● **What to produce**
Write out only the lines from the line that holds "AMI Paris chemise" to the end of the listing below, inclusive, with the pictures omitted.

● **Records shown**
■ ■ ■ ■ ■

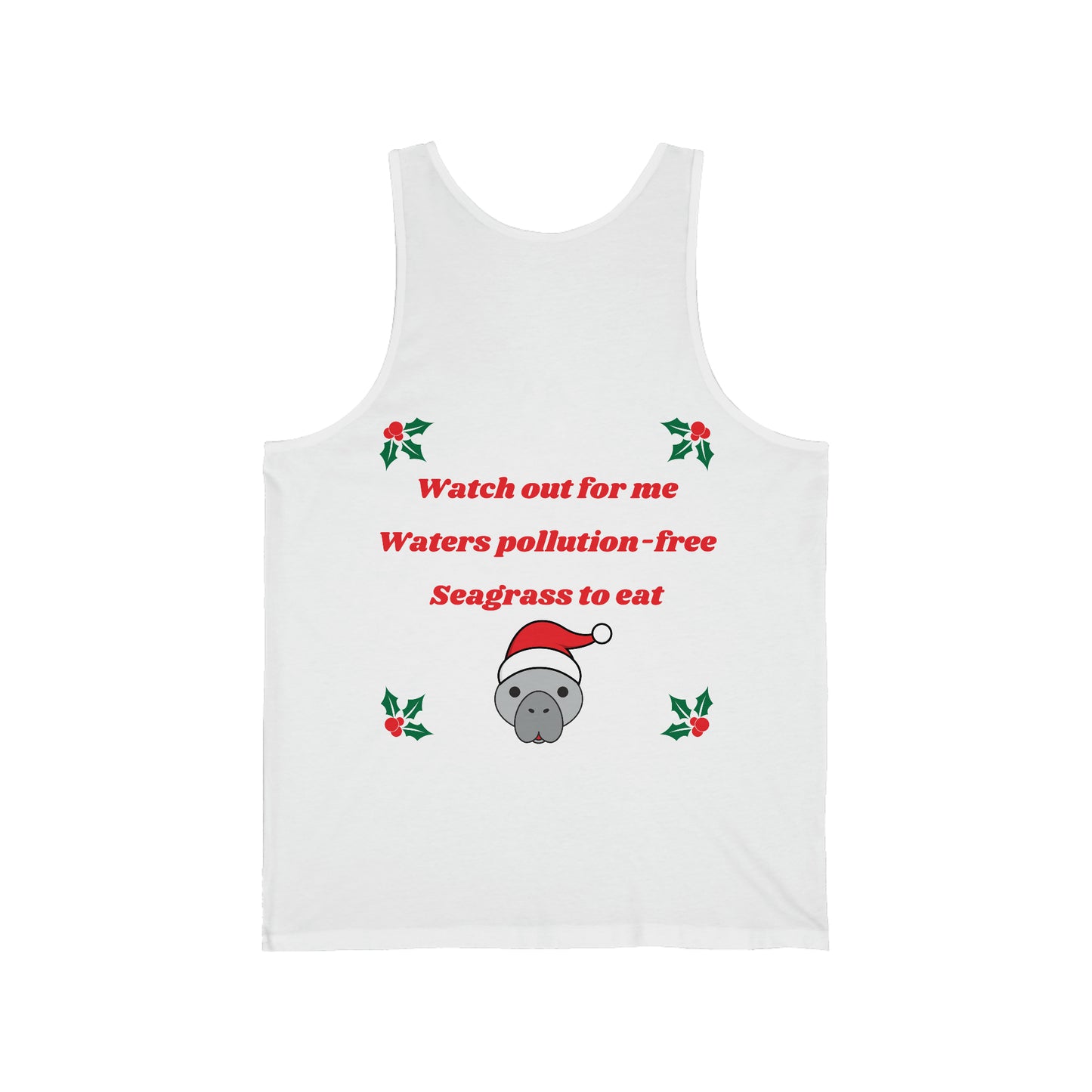 Manatee Holiday Wishes Christmas Unisex Jersey Graphic Tank Top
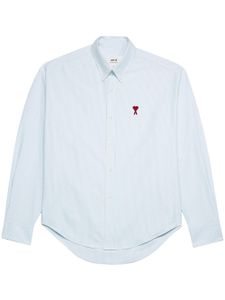 AMI Paris chemise en coton à logo brodé - Bleu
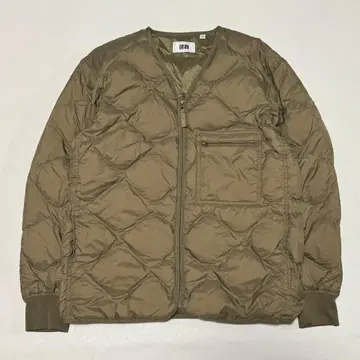 UNIQLO U 리사이클 다운 자켓 카키 V넥 유니클로U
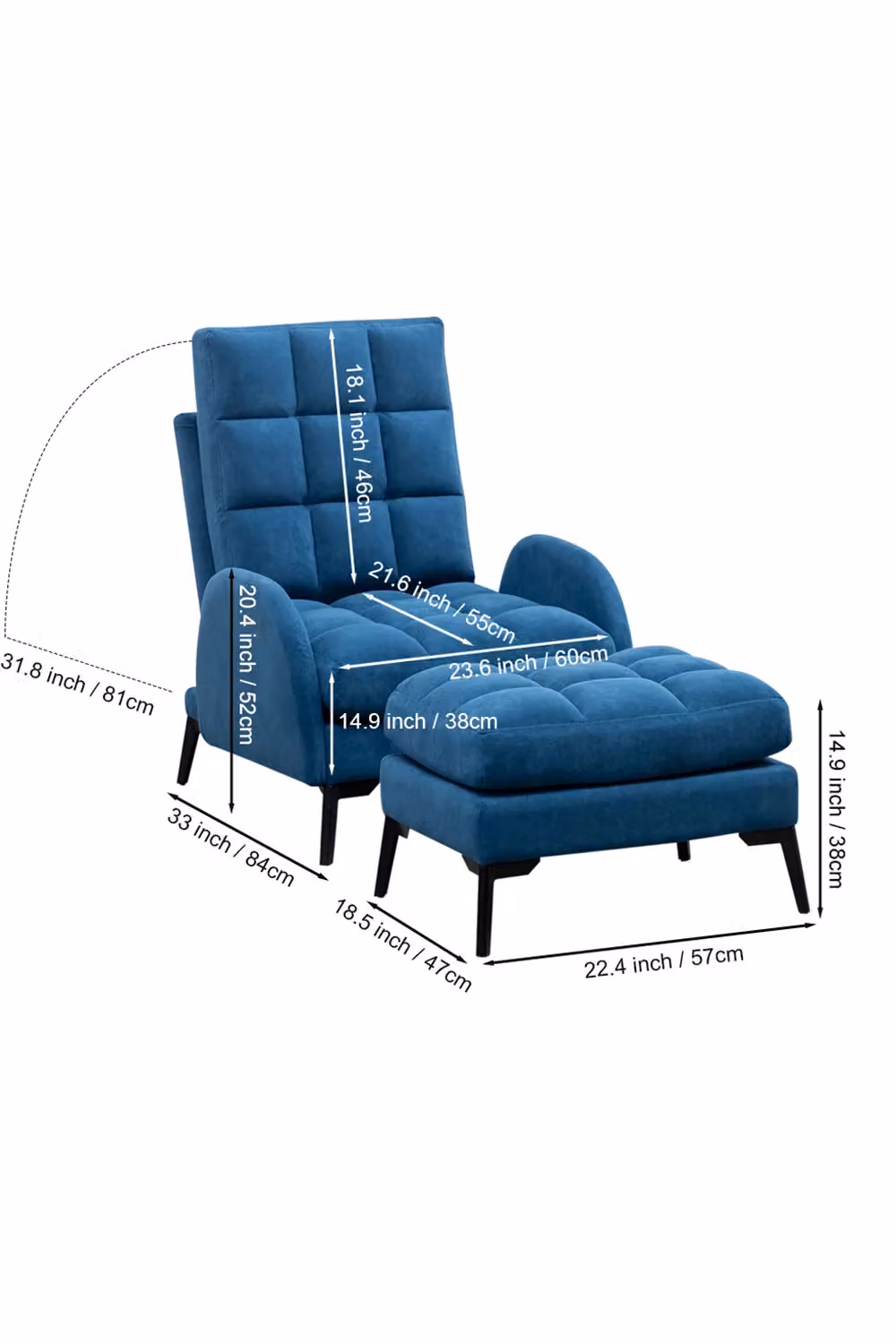 H&O Direct Modern Blue Velvet Recliner Lounge Set with Ottoman and Metal Base – 2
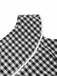 Abito cintura e pizzo a quadri Gingham nero anni '50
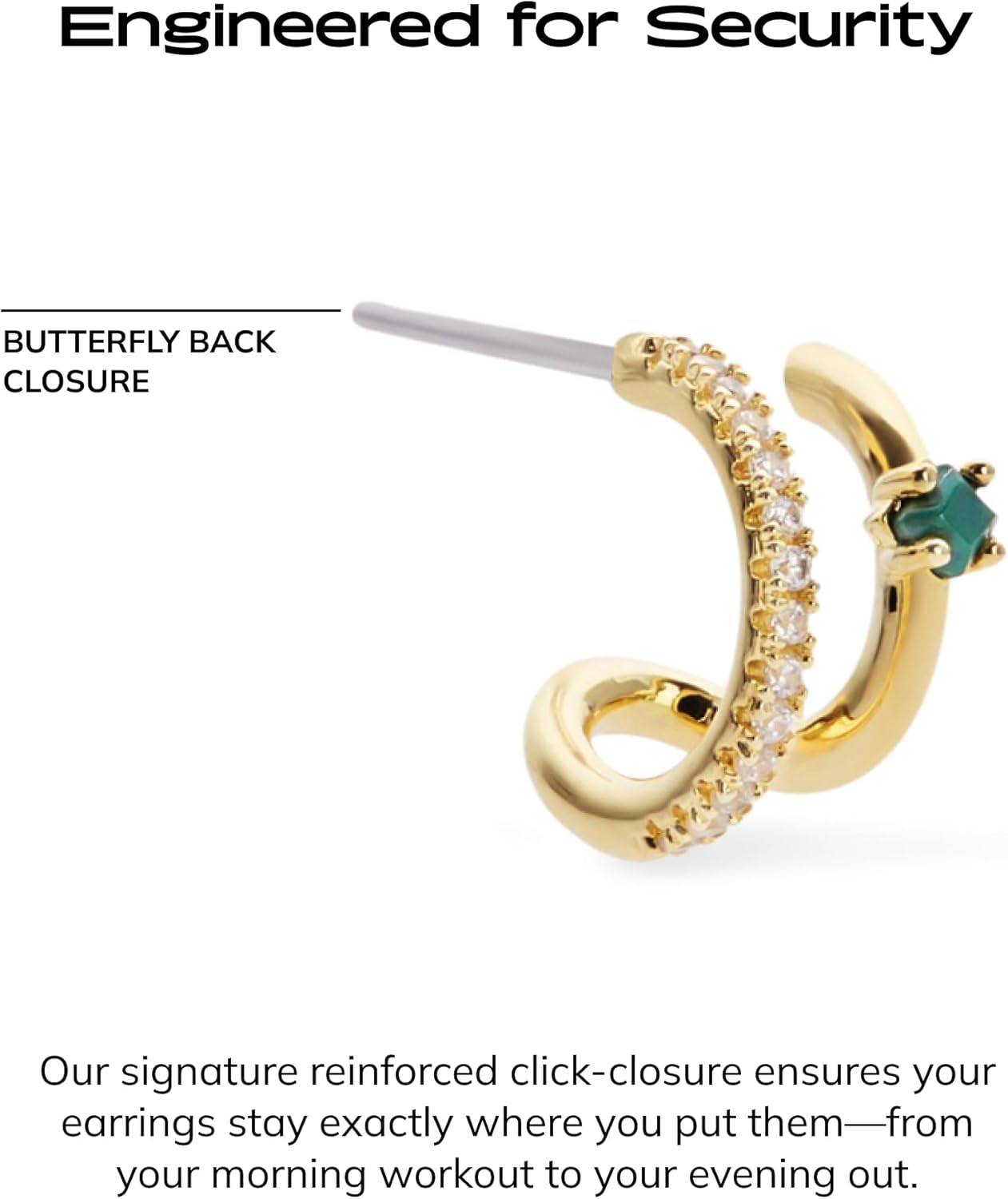 Ana Luisa Double Hoop Earrings for Women - 14K Gold Plated & Silver Rhodium Huggie Hoops - Hypoallergenic, Water-Resistant, Tarnish-Free, Small, Dainty & Trendy Two Hoop Earring Styles for Daily Wear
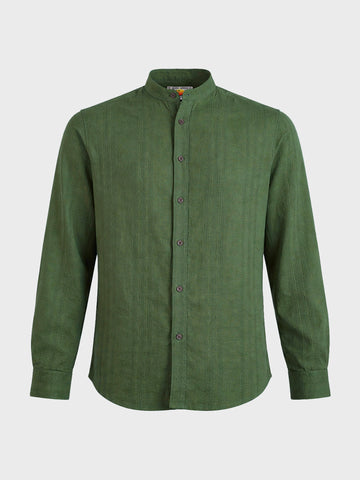 Men's Green Regular Fit Solid Casual Shirt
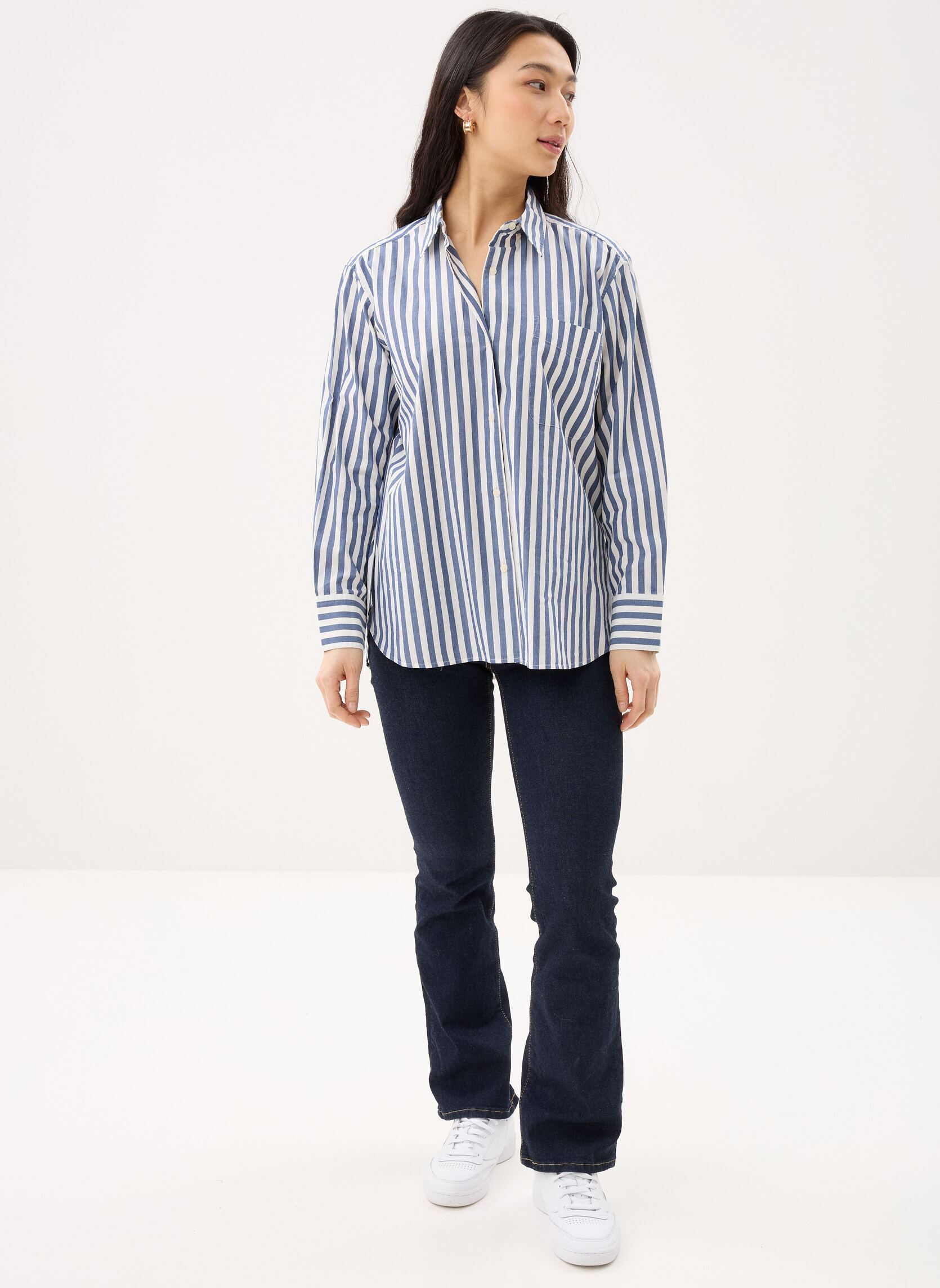 Langarm-Hemden Ess Poplin Easy Fit WW0WW45612 damen weiß Tommy Hilfiger Langarm-Hemden Ess Poplin Easy Fit WW0WW45612 damen weiß WIDE BANKER STP ECRU SEASHORE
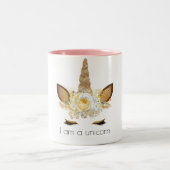 Gold Sparkle Unicorn Zweifarbige Tasse (Mittel)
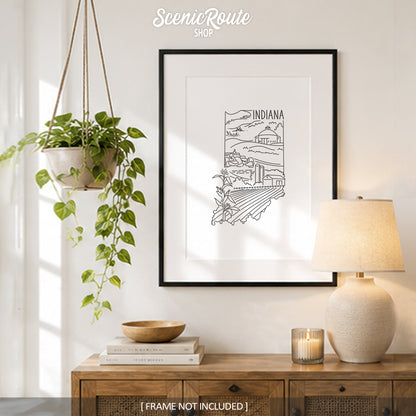 Indiana State Outline Drawing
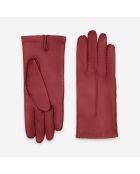 Gants cuir agneau-100% soie-21590SN-rouge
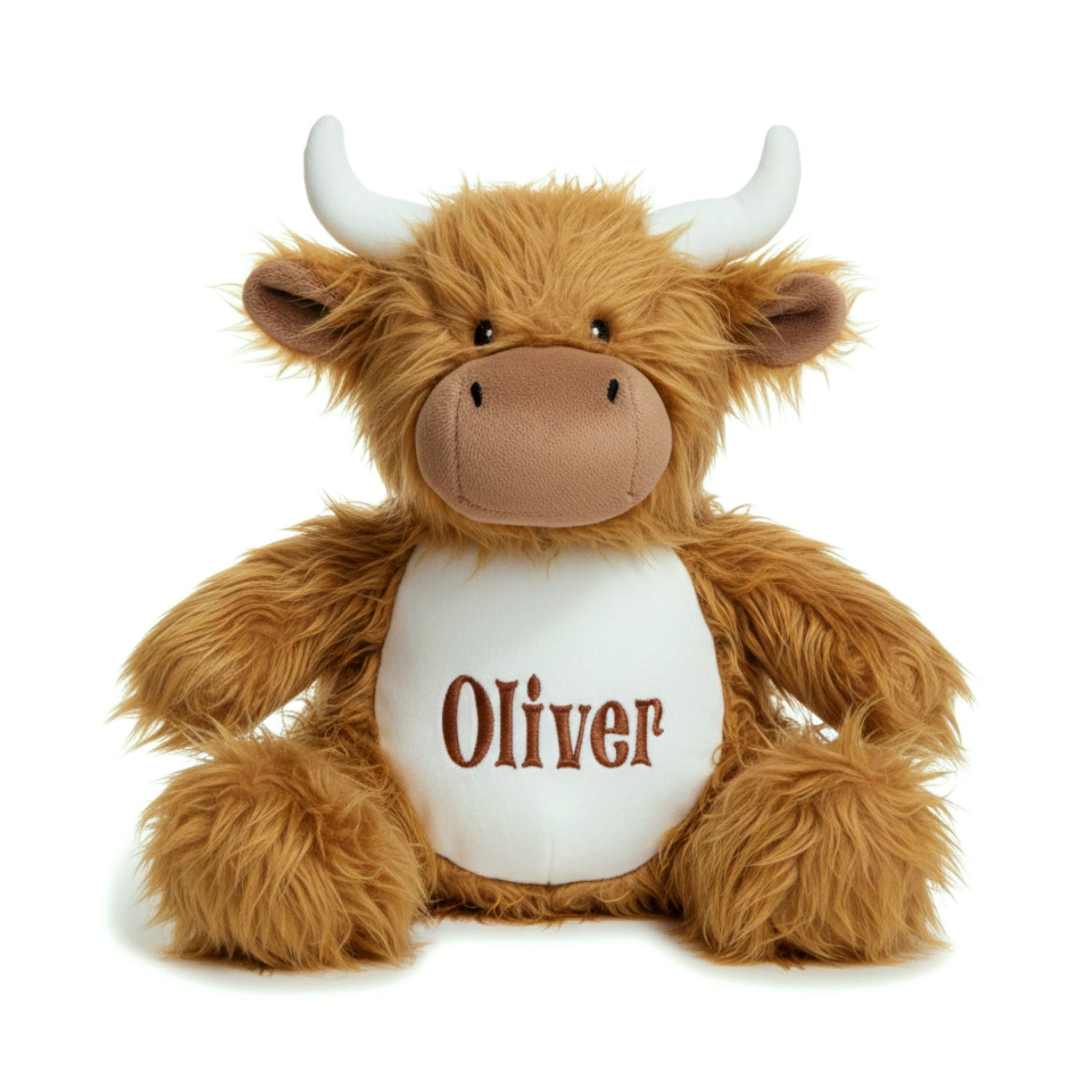 Personalised plush Highland Cow Oliver close-up front view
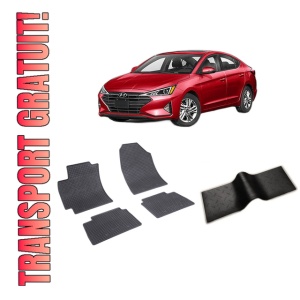 Set 5 covorase HYUNDAI ELANTRA VI din 03.2016-12.2020, cu covoras tunel median, CAROSERIE SEDAN, Presuri cauciuc 100%, compatibil cu autoturismul HYUNDAI ELANTRA VI, Rigum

■ ■ ■ ■ ■

● **Reply to the task**
 AMI Paris chemise en coton à logo brodé - Bleu
 UNIQLO U 리사이클 다운 자켓 카키 V넥 유니클로U
 H&O Direct Modern Blue Velvet Recliner Lounge Set with Ottoman and Metal Base – 2
 Abito cintura e pizzo a quadri Gingham nero anni '50
 Ana Luisa Double Hoop Earrings for Women - 14K Gold Plated & Silver Rhodium Huggie Hoops - Hypoallergenic, Water-Resistant, Tarnish-Free, Small, Dainty & Trendy Two Hoop Earring Styles for Daily Wear
 Men's Green Regular Fit Solid Casual Shirt
 Langarm-Hemden Ess Poplin Easy Fit WW0WW45612 damen weiß Tommy Hilfiger Langarm-Hemden Ess Poplin Easy Fit WW0WW45612 damen weiß WIDE BANKER STP ECRU SEASHORE
 Gold Sparkle Unicorn Zweifarbige Tasse (Mittel)
 Indiana State Outline Drawing
 Gants cuir agneau-100% soie-21590SN-rouge
 Personalised plush Highland Cow Oliver close-up front view
 Set 5 covorase HYUNDAI ELANTRA VI din 03.2016-12.2020, cu covoras tunel median, CAROSERIE SEDAN, Presuri cauciuc 100%, compatibil cu autoturismul HYUNDAI ELANTRA VI, Rigum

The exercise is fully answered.